Adolescent sexual and reproductive health remains a major public health and development issue of global importance. Given that adolescents and young people are heterogenous groups in terms of many characteristics, this study expands the literature by comparing the reasons for contraceptive discontinuation between parenting adolescents (aged 15–19) and parenting young women (aged 20–24) in sub-Saharan Africa (SSA).
Data for the study came from Demographic and Health Surveys of 22 SSA countries. The outcome variable was reasons for discontinuation. We performed multilevel binary logistic regression on analytic samples comprising 1485 parenting adolescents and 10,287 parenting young women across the selected SSA countries.

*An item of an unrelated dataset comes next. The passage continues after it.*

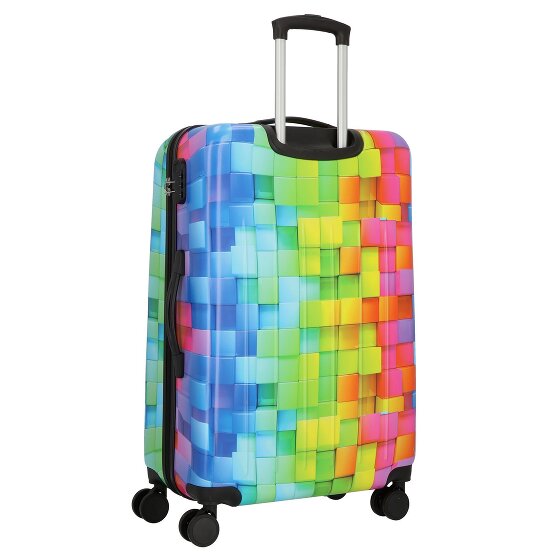 Nowi Santa Cruz de Tenerife 4 ruedas Carrito L 78 cm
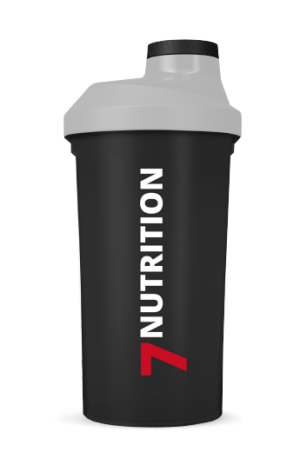7nutrition Shaker 700ml – Black | Trwały I Wygodny Do Odżywek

Findings show that the proportion of respondents who used modern contraceptives was lower among parenting adolescents (35%) relative to their 20–24-year-old counterparts (43%). Higher percentages of parenting adolescents than young women discontinued contraceptives because of reasons such as pregnancy or method failure (i.e., 9.9% and 8.17% accordingly), husband disapproval, access or availability issues, wanting more effective methods, and inconvenience in using methods. The multilevel analysis further highlighted disparities between parenting adolescents and parenting young women who discontinued contraceptives. For instance, parenting young women had 30% lower odds of discontinuing contraceptives due to pregnancy or method failure than parenting adolescents.
The study established disparities in the reasons for contraceptive discontinuation between parenting adolescents and parenting young women, with adolescents demonstrating greater vulnerabilities and higher risks. Considerable attention must be given to parenting adolescents in the efforts to achieve equity goals such as the Sustainable Development Goals and universal health coverage in SSA.